5G Explained Series Introduction
From the series: 5G Tutorial
This is the introduction to the series "5G Explained." It outlines the series and goes over the main goals and basic configuration of 5G New Radio. Topics include:
- What is 5G Technology and its Physical Layer (PHY) Specification
- 5G signals: OFDM waveforms, frame Structure, and numerology
- 5G NR PDSCH: Physical Downlink Shared Channel
- 5G NR PUSCH: Physical Uplink Shared Channel
- 5G NR Downlink Control information (DCI)
- 5G NR PDCCH: Physical Downlink Control Channel
- 5G Physical Uplink Control Channel (PUCCH) and Uplink Control information (UCI)
- Demodulation Reference Signals (DMRS) in 5G NR
- Synchronization Signal Blocks (SSB) in 5G
- Channel State Information Reference Signal (CSI-RS) and Sounding Reference Signal (SRS)
- Physical Broadcast Channel (PBCH) Decoding and 5G Cell Search
Published: 18 Jun 2019
Welcome.
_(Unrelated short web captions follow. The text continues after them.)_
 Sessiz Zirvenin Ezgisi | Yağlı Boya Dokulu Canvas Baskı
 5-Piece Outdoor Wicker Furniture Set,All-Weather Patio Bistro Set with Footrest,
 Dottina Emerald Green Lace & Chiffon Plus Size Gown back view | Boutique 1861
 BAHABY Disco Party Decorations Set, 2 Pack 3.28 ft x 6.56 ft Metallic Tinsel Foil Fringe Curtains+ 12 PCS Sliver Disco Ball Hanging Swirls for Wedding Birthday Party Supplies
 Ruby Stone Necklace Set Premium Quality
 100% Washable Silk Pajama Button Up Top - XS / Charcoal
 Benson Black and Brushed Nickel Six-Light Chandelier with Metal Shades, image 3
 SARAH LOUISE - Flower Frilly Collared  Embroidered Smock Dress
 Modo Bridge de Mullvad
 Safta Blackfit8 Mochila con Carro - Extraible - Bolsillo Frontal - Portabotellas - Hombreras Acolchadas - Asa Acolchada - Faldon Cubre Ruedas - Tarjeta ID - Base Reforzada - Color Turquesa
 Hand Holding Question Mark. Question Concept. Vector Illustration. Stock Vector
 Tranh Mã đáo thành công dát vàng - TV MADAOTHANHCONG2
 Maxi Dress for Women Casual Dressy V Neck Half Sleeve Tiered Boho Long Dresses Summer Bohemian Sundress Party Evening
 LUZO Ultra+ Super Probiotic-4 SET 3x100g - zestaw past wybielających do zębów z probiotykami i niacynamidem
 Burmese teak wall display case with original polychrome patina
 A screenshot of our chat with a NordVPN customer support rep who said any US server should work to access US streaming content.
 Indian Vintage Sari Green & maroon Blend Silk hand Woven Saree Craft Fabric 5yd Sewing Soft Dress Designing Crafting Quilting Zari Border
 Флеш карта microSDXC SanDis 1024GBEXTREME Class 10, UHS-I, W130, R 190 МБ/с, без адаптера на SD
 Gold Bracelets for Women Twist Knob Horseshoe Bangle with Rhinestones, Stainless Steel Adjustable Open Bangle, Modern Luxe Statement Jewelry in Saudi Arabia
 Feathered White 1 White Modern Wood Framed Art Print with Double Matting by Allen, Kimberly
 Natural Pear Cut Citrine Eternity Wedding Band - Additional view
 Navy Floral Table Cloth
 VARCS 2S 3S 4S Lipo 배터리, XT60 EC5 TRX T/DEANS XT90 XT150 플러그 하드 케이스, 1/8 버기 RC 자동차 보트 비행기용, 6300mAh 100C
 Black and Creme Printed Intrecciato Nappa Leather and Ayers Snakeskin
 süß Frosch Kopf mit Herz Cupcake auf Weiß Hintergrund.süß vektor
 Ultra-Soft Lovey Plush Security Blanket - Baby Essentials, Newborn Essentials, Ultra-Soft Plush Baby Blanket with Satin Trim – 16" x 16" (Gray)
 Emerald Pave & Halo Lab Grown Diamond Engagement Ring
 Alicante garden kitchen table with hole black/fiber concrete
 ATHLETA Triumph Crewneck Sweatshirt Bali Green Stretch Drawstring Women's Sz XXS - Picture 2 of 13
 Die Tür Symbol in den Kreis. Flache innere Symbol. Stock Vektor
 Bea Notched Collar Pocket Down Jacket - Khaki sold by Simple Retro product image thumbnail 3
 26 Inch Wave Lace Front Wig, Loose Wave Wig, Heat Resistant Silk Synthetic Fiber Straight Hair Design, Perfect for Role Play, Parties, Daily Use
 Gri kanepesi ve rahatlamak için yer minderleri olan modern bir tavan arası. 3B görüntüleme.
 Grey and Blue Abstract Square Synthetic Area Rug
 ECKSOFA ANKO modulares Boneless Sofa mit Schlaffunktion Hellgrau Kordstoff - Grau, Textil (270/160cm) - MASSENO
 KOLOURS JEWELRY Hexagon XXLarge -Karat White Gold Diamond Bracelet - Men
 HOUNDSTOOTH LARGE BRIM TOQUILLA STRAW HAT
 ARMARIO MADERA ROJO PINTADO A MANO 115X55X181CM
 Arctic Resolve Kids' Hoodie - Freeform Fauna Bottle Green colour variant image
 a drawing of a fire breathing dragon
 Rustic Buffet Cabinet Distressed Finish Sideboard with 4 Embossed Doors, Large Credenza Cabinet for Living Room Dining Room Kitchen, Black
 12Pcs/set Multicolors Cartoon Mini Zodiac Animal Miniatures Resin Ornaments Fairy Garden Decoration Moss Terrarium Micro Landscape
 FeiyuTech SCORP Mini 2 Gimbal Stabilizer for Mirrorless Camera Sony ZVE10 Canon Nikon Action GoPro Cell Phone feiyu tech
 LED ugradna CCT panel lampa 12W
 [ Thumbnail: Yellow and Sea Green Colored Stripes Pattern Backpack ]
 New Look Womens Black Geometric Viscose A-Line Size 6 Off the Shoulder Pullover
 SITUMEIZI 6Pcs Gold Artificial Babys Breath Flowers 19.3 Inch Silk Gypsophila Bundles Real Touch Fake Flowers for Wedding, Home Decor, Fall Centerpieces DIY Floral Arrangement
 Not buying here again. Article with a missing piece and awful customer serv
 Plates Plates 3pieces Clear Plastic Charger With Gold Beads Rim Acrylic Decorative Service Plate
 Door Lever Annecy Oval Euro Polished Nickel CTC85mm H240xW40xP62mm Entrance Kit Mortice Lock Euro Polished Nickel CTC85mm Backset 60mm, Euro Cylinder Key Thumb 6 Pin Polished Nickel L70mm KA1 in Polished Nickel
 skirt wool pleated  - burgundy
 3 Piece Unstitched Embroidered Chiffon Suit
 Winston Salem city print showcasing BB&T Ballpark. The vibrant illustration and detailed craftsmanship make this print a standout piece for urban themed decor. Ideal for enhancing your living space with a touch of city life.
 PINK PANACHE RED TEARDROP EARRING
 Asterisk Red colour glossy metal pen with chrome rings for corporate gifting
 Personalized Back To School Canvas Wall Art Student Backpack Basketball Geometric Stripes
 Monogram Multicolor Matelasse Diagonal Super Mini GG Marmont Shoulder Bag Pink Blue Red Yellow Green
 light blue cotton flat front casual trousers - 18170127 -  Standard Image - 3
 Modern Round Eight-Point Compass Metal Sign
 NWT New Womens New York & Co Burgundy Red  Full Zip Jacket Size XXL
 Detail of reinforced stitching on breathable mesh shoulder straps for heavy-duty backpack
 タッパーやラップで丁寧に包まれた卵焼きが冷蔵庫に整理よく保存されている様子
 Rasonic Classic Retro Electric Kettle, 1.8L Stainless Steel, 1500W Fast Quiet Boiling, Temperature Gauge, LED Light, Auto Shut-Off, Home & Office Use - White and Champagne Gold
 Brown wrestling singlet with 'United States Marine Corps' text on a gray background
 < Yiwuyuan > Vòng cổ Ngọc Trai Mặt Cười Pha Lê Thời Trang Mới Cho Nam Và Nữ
This is the introduction to our series “5G Explained.” In this video, we provide motivation for the series and go over the main goals and basic configuration of 5G New Radio.
5G NR introduces a new numerology for the OFDM resource grid and a new frame and slot structure, as well as new processing for downlink and uplink data, downlink and uplink control. An important new concept in 5G NR is CORESETs or Control Resource Sets, which are used to assign resources for control information on the downlink.
Beamforming is a critical part of 5G NR, and it requires demodulation reference symbols or DMRS to accompany each and every piece of information transmitted both on the downlink and the uplink. DMRS are much more flexible in 5G NR than they are in LTE.
A good example of newly beamformed channel is the broadcast channel, which is part of the synchronization signal block or SSB. The SSB plays the same role as the primary and secondary synchronization signals and physical broadcast channel in LTE, but its structure is quite different.
Cell Search and RACH procedures are similar to their equivalent in LTE, but there are significant differences, in particular linked to beamforming and the initial establishment of a connection.
Finally, channel estimation is more critical and more difficult than ever, as it also enables beamforming, which is the concentration of energy in the direction of the receiver. At mmW, propagation loss is higher and antenna arrays are needed to establish a high enough SNR for a link to be possible. To help with channel sounding, specific signals were designed. They include the channel state information reference symbols or CSI-RS and the sounding reference signals or SRS.
The goal of this “5G Explained” series is to explain the main features of 5G NR. To that end, we use screenshots or short interactive examples taken from or built with MathWorks 5G Toolbox. You can find more information about 5G Toolbox at www.mathworks.com/products/5g
5G Toolbox offers MATLAB models for 5G NR, including waveform generation, end-to-end link level simulation, and measurements.
5G Toolbox includes full source code, which means that you can view and modify any part of the toolbox. In addition, the source code supports MATLAB Coder, which lets you automatically generate standalone C code from the MATLAB code.
This concludes this introduction to the “5G Explained” video series.